Return of the One Room Schoolhouse

            In this time of governor mandated public-school shutdown, many children are experiencing a new way to do school.  All across the country, education pods have begun. An education pod is a large space in a home, church or community center where students from a neighborhood can gather to have school.  Their parents hire a tutor or certified teacher to provide supervision of online learning as well as supplemental instruction and assistance. Eighth graders may be in the same room as first graders! Third graders may be near a ninth grader. Although it’s not what these children expected, or what they’re used to, perhaps they’ll experience the joy of the bygone days of the one room schoolhouse. 

            Consider Laura and her siblings in the Little House on the Prairie television series, or Miss Stacy in the Anne of Green Gables movies. How about painter Winslow Homer’s piece, “Crack the Whip”; which depicts schoolhouse lunch hour games. In one room schoolhouses, students worked independently, yet also assisted one another. Learning was done for life’s sake – so that one was equipped to continue learning and thrive in whatever was pursued.   A freedom to think and explore seemed to exist back then that’s been usurped by uniformity, conformity and top down mandates.

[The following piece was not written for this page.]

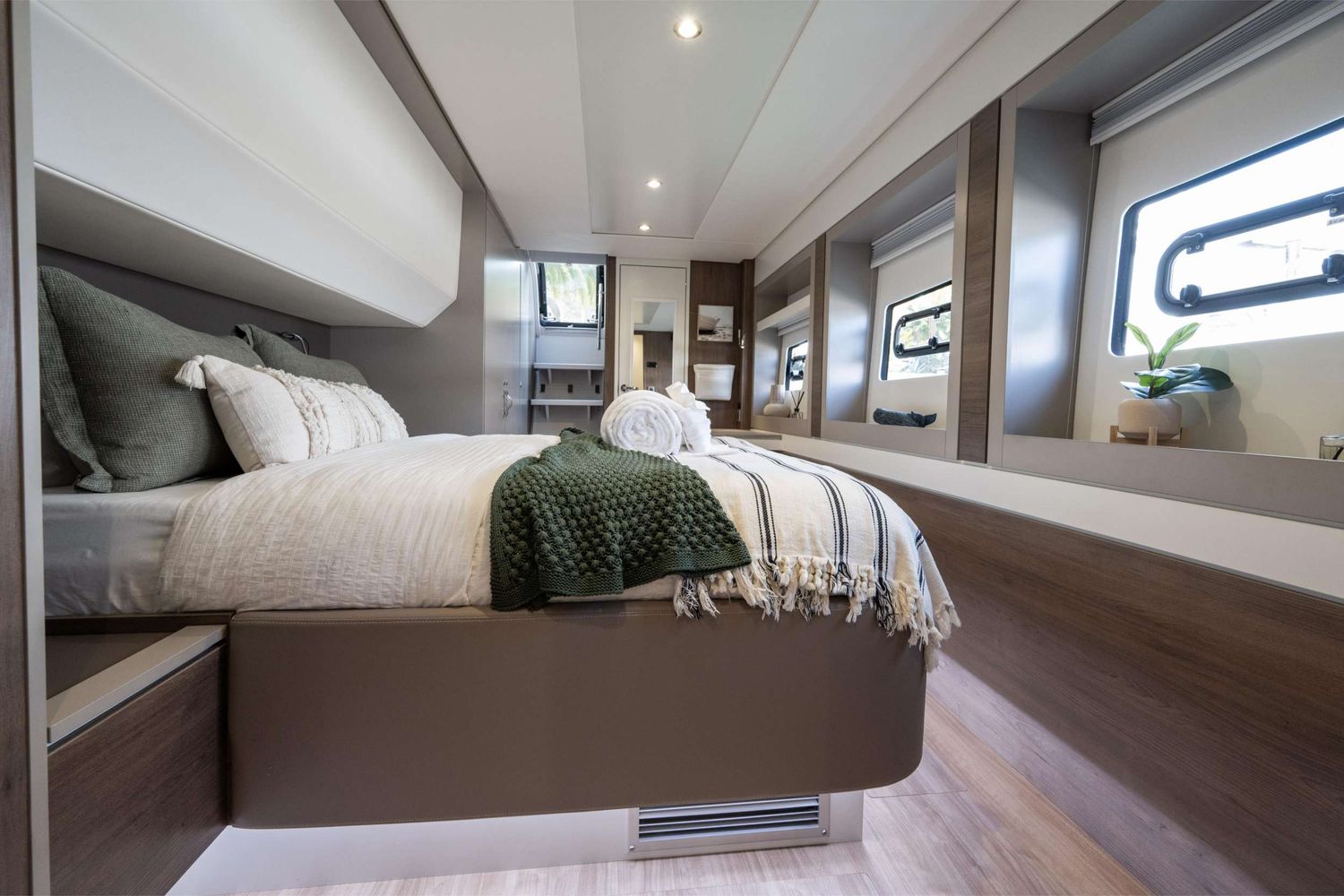 yacht-550577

             Parents and the teachers providing education pods are working closely together. They’re partnering in a way unlike they have in the recent past to provide children with a quality educational experience in the absence of government schools. What if parents discover the delight of a smaller school setting for their children and the empowerment of knowing exactly what their children’s curriculum looks like? It’s an inside view they don’t usually get. Children might decide they really enjoy having school this way. 

No matter how we may feel about education pods, a new perspective about traditional public school is definitely formulating.  We may finally acknowledge there’s more than one way for education to happen. Parents, teachers and students could warm to the idea of having the freedom to direct tax dollars toward the schooling style that best fits their child’s needs.  The return of the one room schoolhouse just might be the beginning of educational reform that’s been too long coming.